The OSCE expressed regret over Ukraine’s decision to ban Russian observers from the country.

Karasin, Ukraine’s Foe of the Week, and a winner of the odious Order of Lenin, need not wait for an explanation from the OSCE. He should listen to what Ukrainian officials, like Foreign Minister Pavlo Klimkin, have said:

“Official observers from Russia – the aggressor state – have no place in observing the elections in a country who is a victim of such an aggression. Even trying to suggest it is politically, morally and legally wrong. Full stop,” Klimkin tweeted on Feb. 8.

Indeed, it is absurd Russia, which is an authoritarian police state, verging on fascism, should be put in a position to pass judgement on the conduct of elections in a democracy like Ukraine.

What can the Kremlin, which organized a sham referendum in occupied Crimea in a vain attempt to legitimize its grubby land grab of the peninsula, teach Ukrainians about democracy? What does a country which has effectively had the same leader since the last day of 1999 know about the democratic transition of power?

And what did the OSCE itself conclude from its monitoring of the last presidential elections in Russia, in March 2018? According to its report, the OSCE found the alleged election was held in “an overly controlled legal and political environment marked by continued pressure on critical voices.”

There were “restrictions on the fundamental freedoms of assembly, association and expression, as well as on candidate registration,” during the campaign, and “the extensive and uncritical coverage of the incumbent as president in most media resulted in an uneven playing field,” meaning that the so-called election “lacked genuine competition.”

On top of that, “a number of activists who questioned the legitimacy of the election were detained,” and “instances of pressure on voters to take part in the election were reported” to the OSCE’s monitoring mission.

These “violations contravene a number of OSCE commitments and other international obligations regarding freedom and equality in the campaign,” the OSCE concluded.

Russia’s own “democracy” is a sham.

Yet the Russian media are already raising doubts about the legitimacy of the upcoming presidential elections in Ukraine, egged on by Kremlin functionaries of the likes of Karasin. On a recent talk show, the Kremlin propagandist Olga Skabeeva made the ludicrous but still threatening suggestion that Moscow should refuse to recognize the legitimacy of the next Ukrainian president if its observers are not allowed into Ukraine.

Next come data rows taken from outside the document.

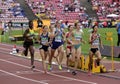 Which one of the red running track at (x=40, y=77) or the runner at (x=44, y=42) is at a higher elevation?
the runner at (x=44, y=42)

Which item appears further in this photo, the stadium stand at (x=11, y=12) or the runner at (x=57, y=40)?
the stadium stand at (x=11, y=12)

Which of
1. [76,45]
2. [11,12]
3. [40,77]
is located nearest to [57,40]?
[76,45]

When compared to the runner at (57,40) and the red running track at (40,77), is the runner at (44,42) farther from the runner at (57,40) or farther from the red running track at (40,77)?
the red running track at (40,77)

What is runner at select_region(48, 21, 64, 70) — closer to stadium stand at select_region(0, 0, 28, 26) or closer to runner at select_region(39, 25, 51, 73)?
runner at select_region(39, 25, 51, 73)

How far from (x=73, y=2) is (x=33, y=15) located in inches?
343

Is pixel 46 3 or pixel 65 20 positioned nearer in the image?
pixel 65 20

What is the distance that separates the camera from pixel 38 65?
68.0ft

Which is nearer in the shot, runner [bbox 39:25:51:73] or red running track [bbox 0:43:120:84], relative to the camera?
red running track [bbox 0:43:120:84]

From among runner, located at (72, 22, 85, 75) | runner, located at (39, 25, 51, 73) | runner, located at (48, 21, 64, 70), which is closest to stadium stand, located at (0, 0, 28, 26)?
runner, located at (48, 21, 64, 70)

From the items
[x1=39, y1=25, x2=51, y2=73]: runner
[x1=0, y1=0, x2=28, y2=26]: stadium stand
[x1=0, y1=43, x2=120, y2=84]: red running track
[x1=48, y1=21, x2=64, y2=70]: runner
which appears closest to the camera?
[x1=0, y1=43, x2=120, y2=84]: red running track

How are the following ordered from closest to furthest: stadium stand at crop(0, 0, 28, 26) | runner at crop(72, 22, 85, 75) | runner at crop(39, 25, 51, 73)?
runner at crop(72, 22, 85, 75) → runner at crop(39, 25, 51, 73) → stadium stand at crop(0, 0, 28, 26)

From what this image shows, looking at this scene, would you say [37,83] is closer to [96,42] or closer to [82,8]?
[96,42]

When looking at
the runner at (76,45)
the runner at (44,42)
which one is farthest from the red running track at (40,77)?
the runner at (44,42)

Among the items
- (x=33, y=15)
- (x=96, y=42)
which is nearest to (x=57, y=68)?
(x=96, y=42) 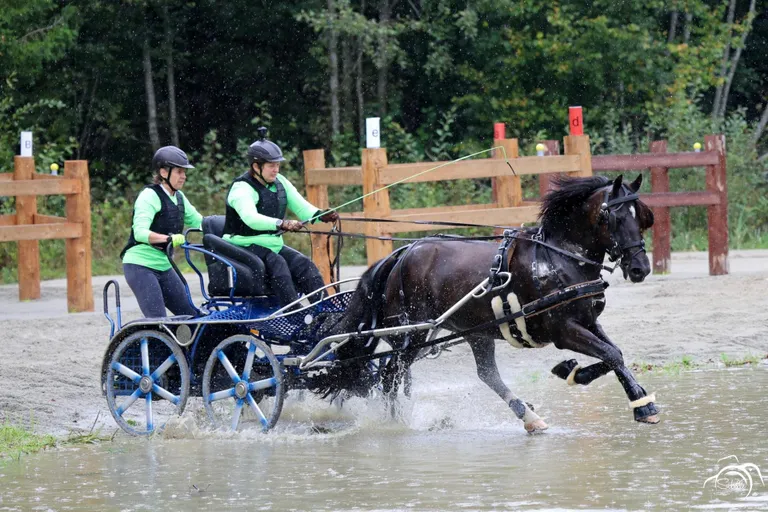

Whether the OSCE recognizes it or not, Russia has been waging a war of aggression on Ukraine since Feb. 2014, attempting to undermine and de-legitimize Ukraine using military action, propaganda, subterfuge, cyberattacks, and political and economic pressure. Any opinions given by Russian observers about Ukraine’s elections would certainly be biased, and negative. The credibility of any OSCE observer mission that included observers sent by the Kremlin would be damaged, both in the eyes of Ukrainians and by many others around the world.

Meanwhile, Ukraine should be asking for some explanations from the OSCE as well, namely: Why does this organization allow itself to be played so easily by Moscow? And why has Russia, which has violated its commitments to the OSCE far more grievously than Ukraine – by invading and occupying its neighbor’s territory, and by committing acts of war such as cross-border shelling and attacks on Ukrainian naval vessels – still not had its OSCE membership suspended, or more appropriately, revoked?